Mid Cornwall · PL26

Extensions that reads Tregorrick properly

Extensions are the bread and butter of Cornish homes — adding the kitchen-diner the original layout never had, the bedroom for a growing family, or the light and views the back of the house should always have had. Reading Tregorrick on the ground is half of the extension job — Tregorrick is a town-edge neighbourhood in the PL26 area, where modern housing, larger gardens and edge-of-settlement plots create practical development opportunities, with a building stock that leans toward infill plots and bungalows.

Tregorrick sits in Mid Cornwall — covering PL26 from St Austell, Bugle, St Dennis outward.

  • Rural / open-countryside policy area
  • Fixed-fee planning packages, no surprise invoices
  • Measured-survey accuracy from day one
  • One studio — design, planning and build under one roof
  • Local to Mid Cornwall — not a national franchise

Local watch-list

Common Tregorrick pitfalls we plan around.

  • Watch #1

    Tighter Local Plan tests on isolated rural dwellings

Who this is for

Tregorrick runs the full mix — owner-occupier, holiday-let, commercial and the occasional smallholding — so we scope every extension enquiry from the use-class up.

Local context

Why Tregorrick is its own job.

Around Tregorrick (PL26), neighbour amenity, highways, drainage and the transition from built-up edge to countryside are usually the planning pressure points. For extension specifically, Cornwall Council's Local Plan applies tighter tests to isolated rural dwellings here, so design rationale and policy fit need to be set out clearly from the outset. Reading Tregorrick properly up front saves more time than any drawing tool ever will. Most of our extension work in Tregorrick lands on infill plots, with detailing that has to nod to the wider Bugle streetscape.

Planning note

Most extensions in Cornwall are either permitted development or a straightforward householder application — but Conservation Area and AONB sites need a more careful design conversation upfront.

What we focus on

Extensions considerations specific to Tregorrick.

  • 01

    Wind and sea-spray exposure can drive material choices on west-facing extensions; we detail accordingly.

  • 02

    Drainage on older Cornish properties is rarely on a clean modern map; CCTV survey before design is often money well spent.

  • 03

    Cornish granite and slate-hung walls react differently to new openings than modern brickwork — lintel choice and structural sequencing matter.

  • 04

    Extensions over a certain proportion of the original house trigger full Part L upgrade obligations to the existing building — worth knowing before brief is set.

Our process

How a Tregorrick extension project runs.

  1. Step 1

    Brief

    We meet on site, talk through how you live now and what's missing from the current layout.

  2. Step 2

    Design

    Two or three sketch directions with rough budgets, then refinement of the chosen route.

  3. Step 3

    Approvals

    Planning or Cert of Lawfulness, then a full building regs package.

  4. Step 4

    Build

    Either through your own builder with our drawings, or as a full build by our team.

  5. Step 5

    Handover

    Snag, certify, hand over the keys to your new space.

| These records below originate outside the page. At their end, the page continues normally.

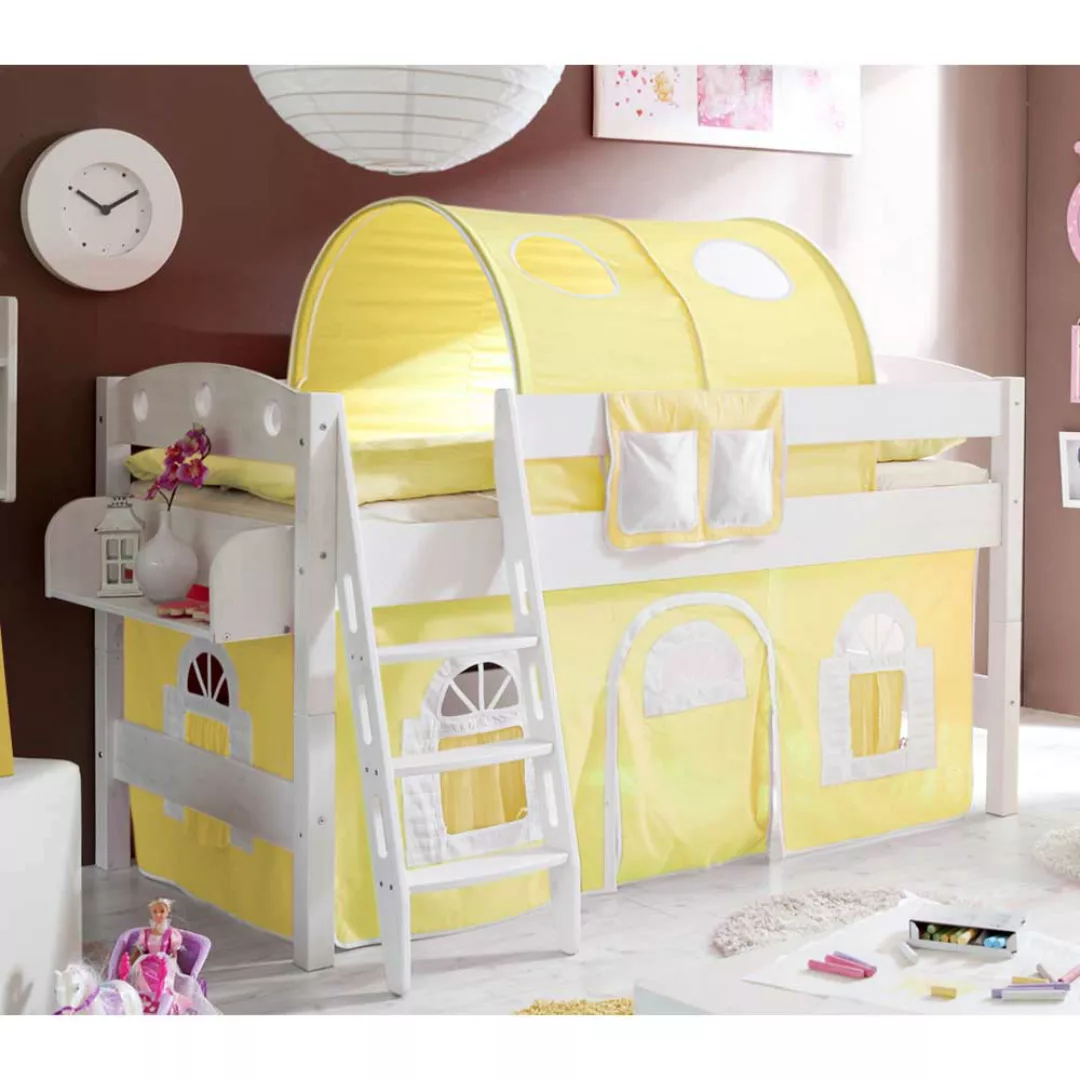 Kinderzimmerbett halbhoch Vorhang und Tunnel in Gelb günstig online kaufen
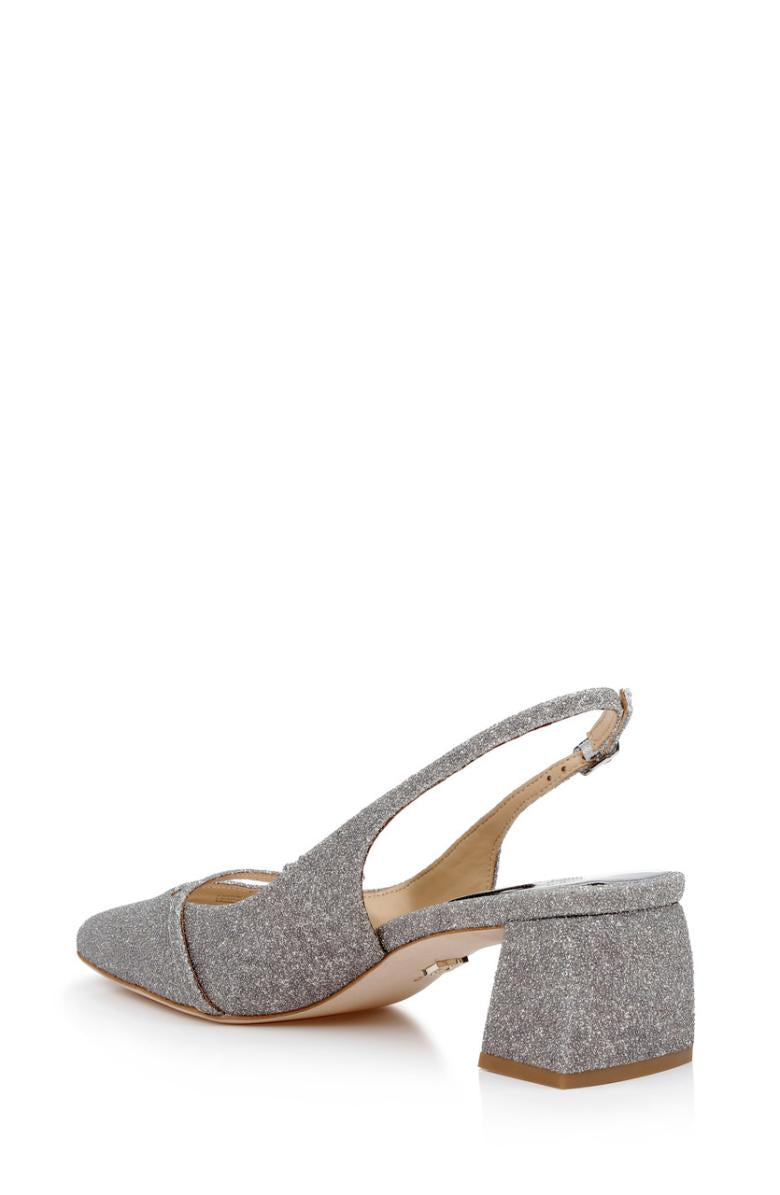 Badgley Mischka Buena Slingback Block Heels With Crystal Buckle Black | Women Block Heels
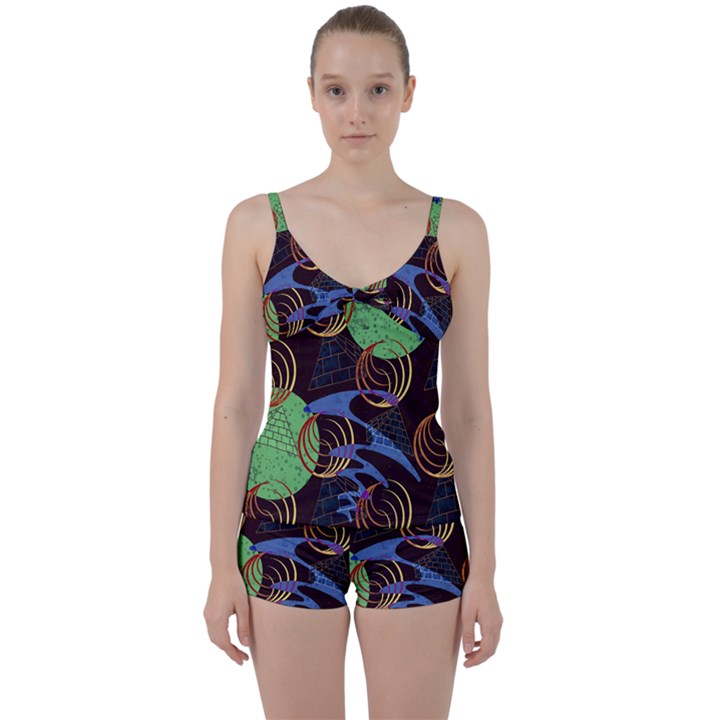 Pyramid Sphere Colorful Background Tie Front Two Piece Tankini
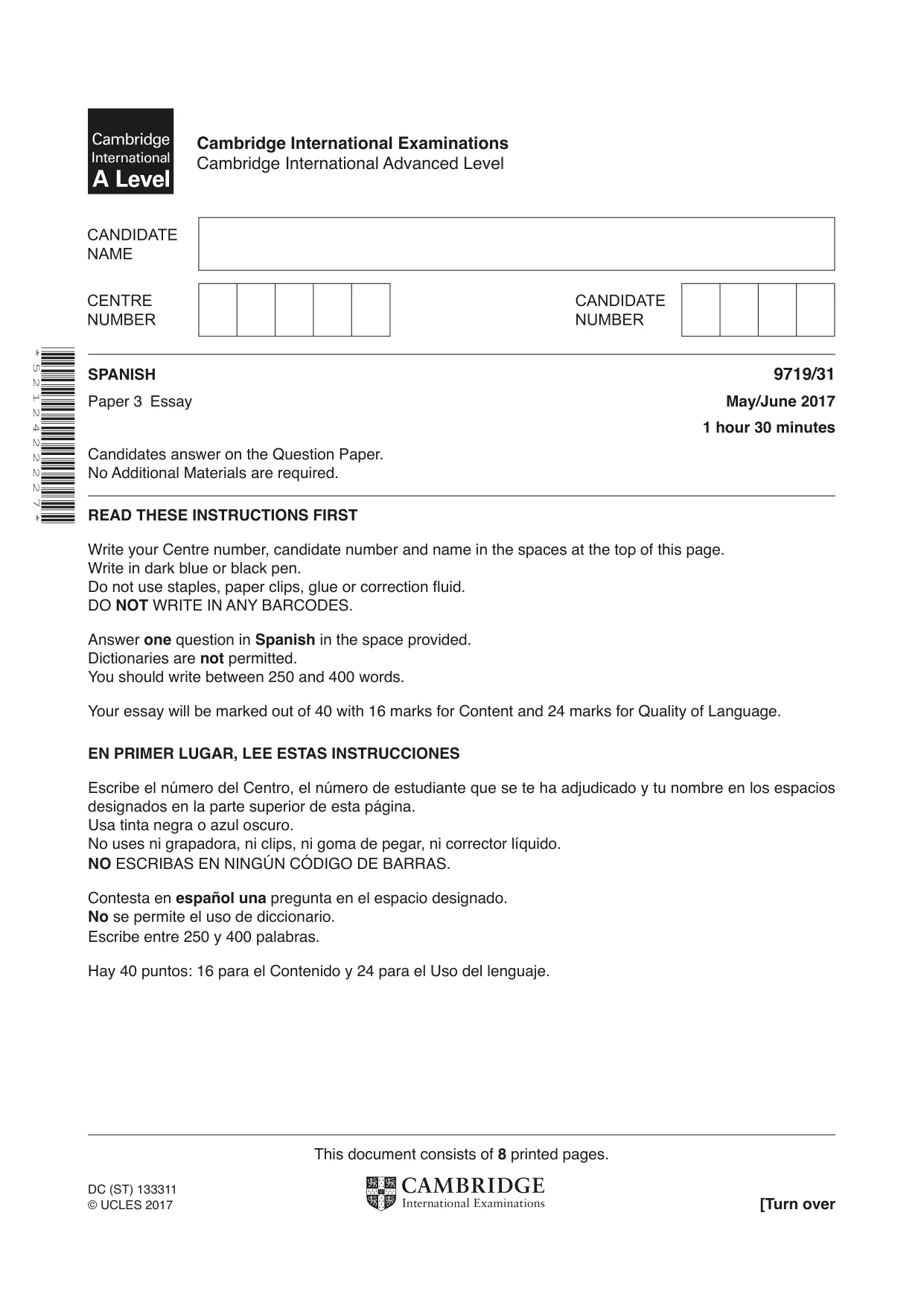 Cambridge A Level Spanish (A Level only) 9719 2017 May/June Paper 3 · Variant 1 question paper, page 1 of 8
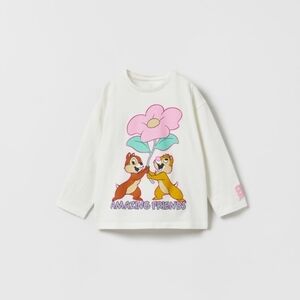 ZARA CHIP ‘N DALE © DISNEY NEON DETAIL T-SHIRT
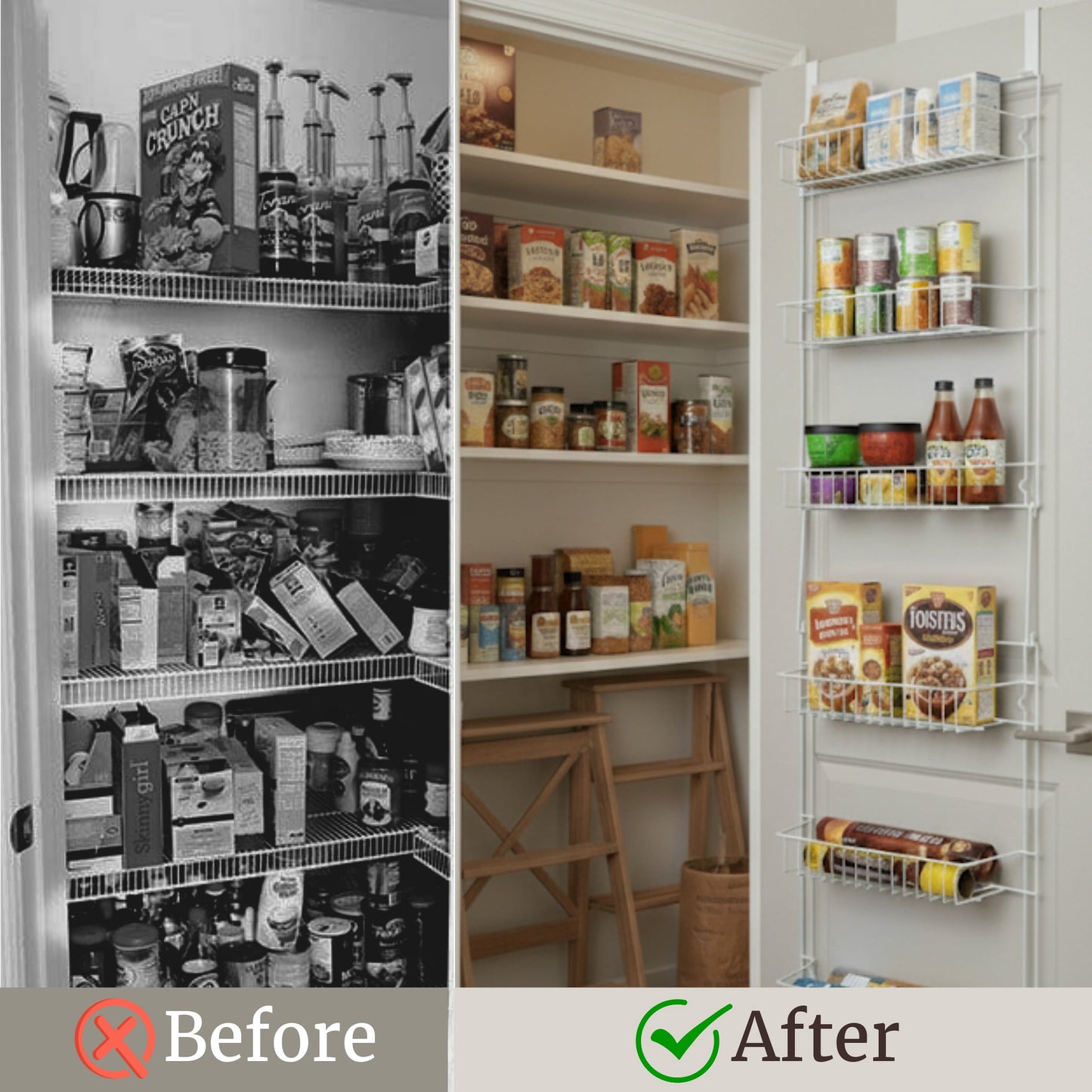 Lavish Home 6-Tier Adjustable Over the Door Pantry Organizer - Powder-Coated Steel Hanging Pantry Shelves and Rack for Kitchen Organization (White)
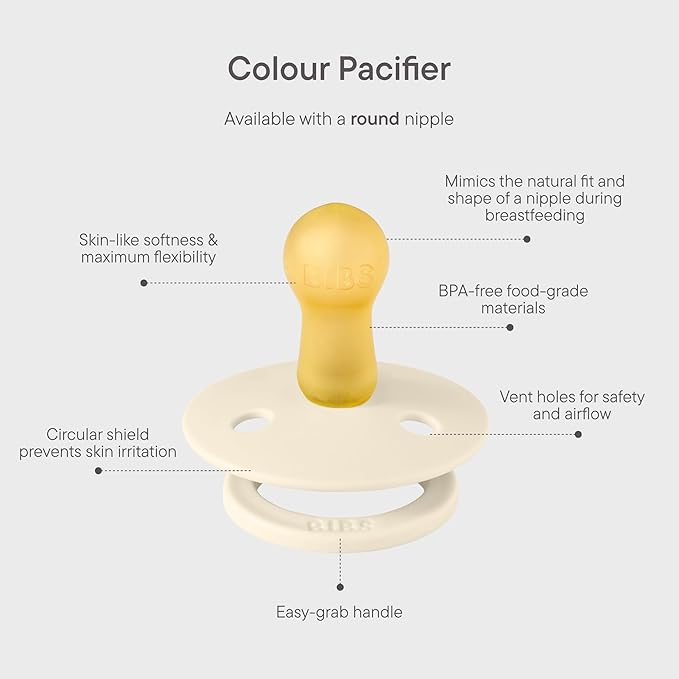 BIBS Colour Liberty Soother 2-Pack, BPA Free Dummy Pacifier, Round Nipple. Natural Rubber Latex, Made in Denmark, Size 1 (0-6 Months), Bobo Ivory Mix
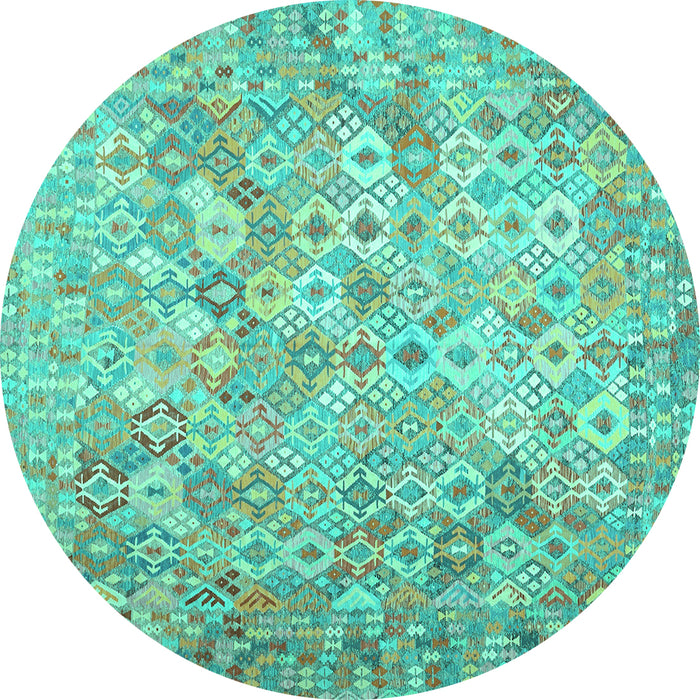Round Machine Washable Southwestern Turquoise Country Area Rugs, wshcon633turq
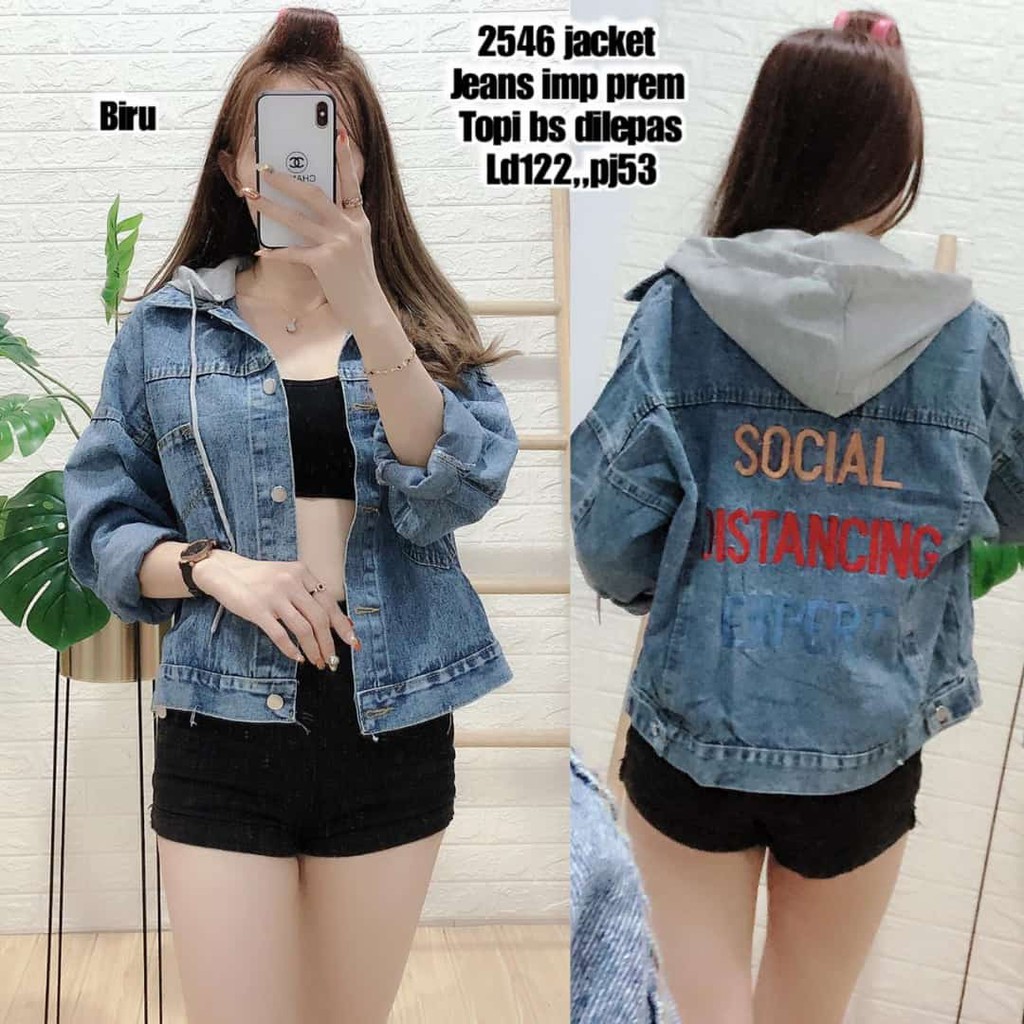 Jaket jeans hotsell hoodie wanita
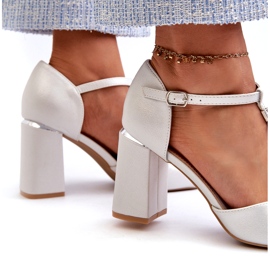 Vinceza Ezüst magas sarkú szandál cirkóniával 2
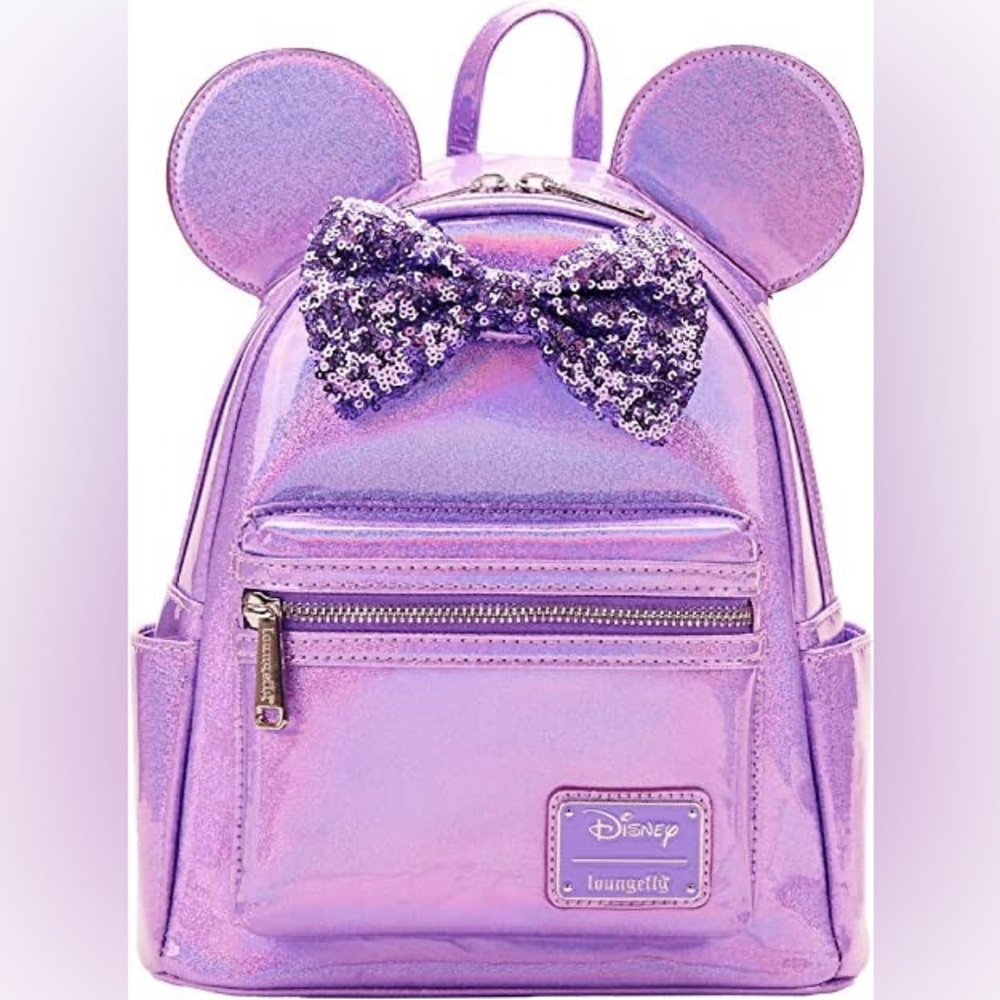 Loungefly Disney Minnie Mouse Purple Holographic + Sequin Bow Mini Backpack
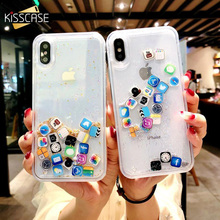 Bonito Aplicativos Ícone Dinâmico Líquido Areia Movediça Caso de Telefone para o iphone 6 6S 7 8 Além de Capa Dura Para o iphone 11 Pro X XR XS Max Coque Funda 2024 - compre barato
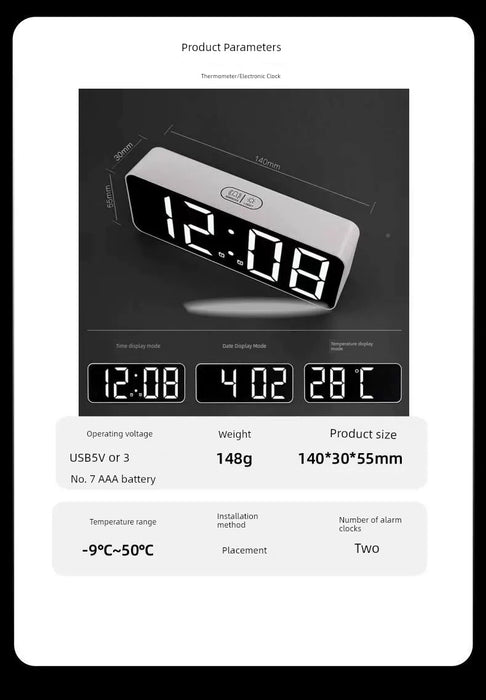 Rechargeable Thermometer Digital Digital Display Clock Home Use Household Bedroom Office Warehouse YK-OS003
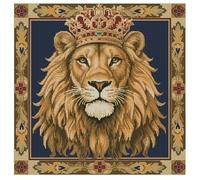The King of Prairie, Lion Counted Cross Stitch kit, 100% Cotton, 200x200 Stitch,36x36cm Big Counted Cross Stitch kit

Typical single-storey rear extensions run twelve to twenty weeks on site; two-storey and wraparound projects sixteen to thirty weeks.

FAQs

Tregorrick Extensions — local questions answered.

How much does an extension cost in Tregorrick?
Build costs in Cornwall typically run from around £2,200 to £3,200 per square metre for a good-quality single-storey extension, more for kitchen-grade fit-out or complex glazing. We give a realistic budget before drawings start, not after. In Tregorrick specifically, we'd start by checking the latest parish-level planning history before committing to a direction.
Can you handle the build as well as the design?
Yes — that's the whole point of the studio. One contract, one point of contact, no finger-pointing between architect and builder when something needs a decision on site.
What about the Party Wall Act?
If you share a wall with a neighbour or build close to a boundary, the Act applies. We flag it early, recommend a surveyor and keep the programme aligned with the notice period.
Will my house be liveable during the build?
For most rear and side extensions, yes — we sequence the works so the kitchen and one bathroom stay functional until the new build is watertight and connected.
Do I need planning permission for an extension?
Often no — single-storey rear extensions, side extensions and modest two-storey additions can sit inside permitted development on a typical detached house. Conservation Areas, AONB and Article 4 zones remove some of those rights, so we always check the address first.

Tregorrick is part of St Austell

Tregorrick sits inside the St Austell catchment — we cover both as one extension territory.

See Extensions in St Austell

Local proof — Our Mid Cornwall workload means a Tregorrick extension project never has to wait for an out-of-county team to drive down.

Get a free feasibility view

On a Tregorrick site the success of a extension is decided in week one — by reading the constraints right, not by drawing them away.